Genetic Test For PKD

Published Julne 2004

Great News!

Dr. Leslie Lyon announced in the University of California (Davis) newsletter, Center for Companion Animal Health, that an electrophoretic gel demonstrating heterozygosity at the PKD gene locus for a cat with PKD has been developed.

Researches at UC Davis continue working on refining the PKD DNA test. They hope up have it
commercially available by the summer of 2004.

"Now as soon as a kitten is born, we will be able to know with nearly 100 percent accuracy whether the animal carries PKD.

A Short History of PKD and the Cat Fancy

Feline Polycystic Disease (PKD) is an inherited kidney disease that has been found in some breeds of cats including Persians and Exotics.

Polycystic disease is a disease that shows up later in life (late onset) with enlarged kidneys and kidney dysfunction occurring between three and 10 years of age (on average at seven years of age). The condition is inherited and cysts are present from birth, but are smaller in younger animals. Cyst size can vary from less than 1 mm to greater than 1 cm in size, with older animals having larger and more numerous cysts. Problems occur when these cysts start to grow and progressively enlarge the kidney, reducing the kidney's ability to function properly. The ultimate end is kidney failure. Some of the clinical signs are depression, lack of or reduced appetite, excessive thirst, excessive urination and weight loss. There is a marked difference in when and how quickly individual cats succumb, with the possibility of this developing late enough in life that the cat can die of other causes before kidney failure. However, kidney failure is certain when the cysts can grow and cause problems. Rarely, cysts are also seen in other organs such as the liver and uterus.

Reported sporadically in veterinary literature since 1967, actual study into this renal disease did not begin until 1990. By the late 1990's, David S. Biller, DVM, DACVR and Stephen DiBartola, DVM, DACVIM conducted a study at Ohio State University that rocked the Persian cat breeding world.


The test for PKD status became an ultrasound of the kidneys at 10-12 months of age. Initially, this was reported to be 98% accurate. Breeders organized day long PKD clinics where a sonographer would scan cat after cat, reducing the costs to about $35/cat from the usually ultrasound fees of $250.

False Negatives

As breeders began to sell kittens as "out of negative parents", there were cases of these kittens being scanned positive.

Initially, the false negative reading were usually blamed on inexperienced sonographers or poor scanning equipment.

But, the same thing happened to cats scanned by the top men in the field.

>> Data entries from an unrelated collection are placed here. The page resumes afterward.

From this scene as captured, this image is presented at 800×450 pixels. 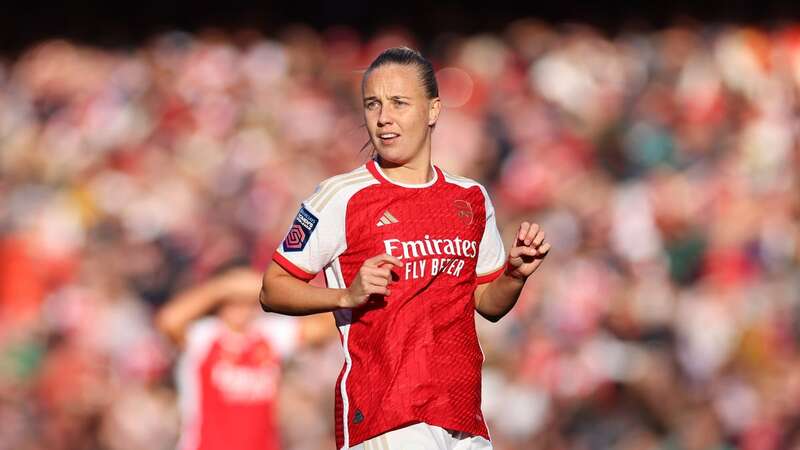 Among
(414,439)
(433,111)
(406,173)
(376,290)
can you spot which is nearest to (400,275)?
(376,290)

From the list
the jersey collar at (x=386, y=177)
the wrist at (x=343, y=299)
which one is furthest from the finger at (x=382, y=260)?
the jersey collar at (x=386, y=177)

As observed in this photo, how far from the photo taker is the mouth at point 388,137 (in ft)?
13.1

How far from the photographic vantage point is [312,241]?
3939 millimetres

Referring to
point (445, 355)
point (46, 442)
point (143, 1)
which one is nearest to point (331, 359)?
point (46, 442)

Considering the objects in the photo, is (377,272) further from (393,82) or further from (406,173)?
(393,82)

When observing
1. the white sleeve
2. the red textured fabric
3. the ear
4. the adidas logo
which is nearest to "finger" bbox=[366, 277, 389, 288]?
the red textured fabric

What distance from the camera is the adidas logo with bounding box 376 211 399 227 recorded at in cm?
394

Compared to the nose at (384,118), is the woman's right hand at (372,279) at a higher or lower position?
lower

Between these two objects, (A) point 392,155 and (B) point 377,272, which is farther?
(A) point 392,155

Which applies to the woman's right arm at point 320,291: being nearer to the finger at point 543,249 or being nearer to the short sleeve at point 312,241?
the short sleeve at point 312,241

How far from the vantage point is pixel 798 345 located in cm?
946

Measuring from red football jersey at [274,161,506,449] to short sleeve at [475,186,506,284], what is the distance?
204mm

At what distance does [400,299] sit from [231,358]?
11.1 ft

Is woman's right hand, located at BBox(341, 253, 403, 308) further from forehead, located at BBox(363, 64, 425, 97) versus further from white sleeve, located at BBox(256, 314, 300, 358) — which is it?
white sleeve, located at BBox(256, 314, 300, 358) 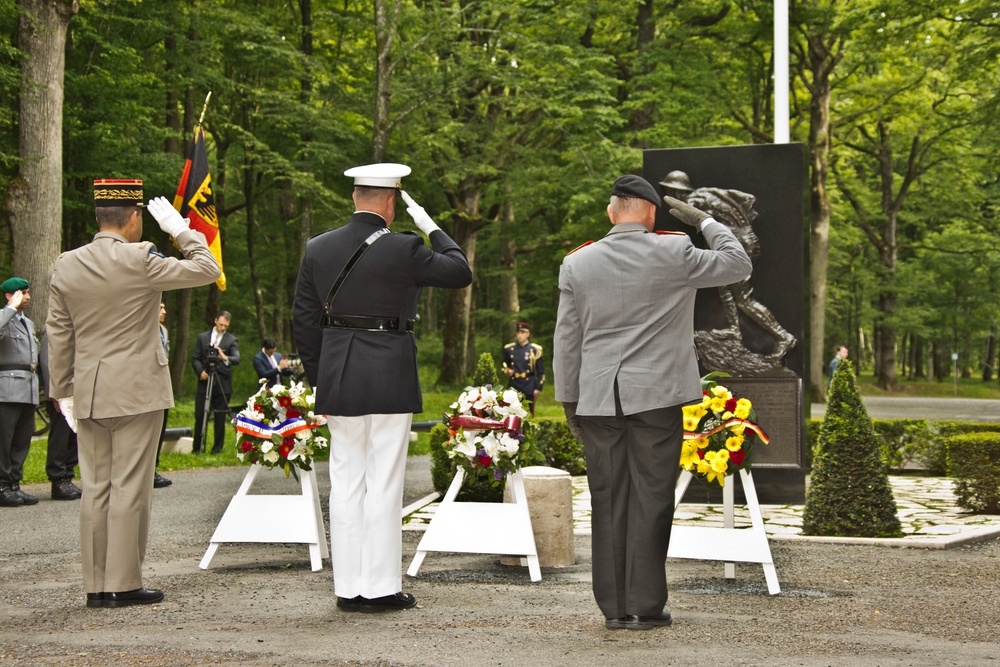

What many breeders (and perhaps sonographers) acknowledge was that 98% accurate (a prediction that was probably overly optimistic), actually meant that for every 50 cats scanned, one would be wrong. If you assume most cat breeders have between 10-15 cats, that means every 3 or 4 breeders who have scanned all their cats negative, statistically have an unknown positive...

Third Generation

And indeed, there have been repeated cases of cats sold as 3 generation negative, who were discovered to be positive. Re-scanning discovered a problem 3 generations back!

The call for a genetic test increased.

PKD Gene Identified!

The gene responsible for autosomal dominant PKD was found in December 2003. Researchers began intense study to develop a genetic test and have spent the last three months verifying the work in a variety of cats.

The Test

If folks want to use the precise brand that Leslie was passing out at the Genetics Conference last year, it was CytoSmear from PurFybr Inc., cat. no. 4653BS.

Actually even sterile cotton swabs will work, but cytology swabs tend to give more consistent adequate sample volume

Here is a link that gives a hint as to how sample collection and submission will be performed. I am guessing that the test will probably be approximately $40 per cat for PKD testing, but I don't
have that confirmed yet.

The tissue brushes (also called cytology brushes) can be obtained from your veterinarian, or may be purchased by the box of 100 at

The sample required is identical. Both tests simply need enough nucleated cells to extract a sufficient quantity of DNA. The cervical brushes are a widely used tool for sample collection of this nature, both in human molecular biology and for veterinary DNA

The Future

The work has been submitted for publication in a scientific journal and for a patent.

Pricing and sample handling procedures are not yet available, but a simple genetic test for the PKD gene will hopefully be available by the summer of 2004.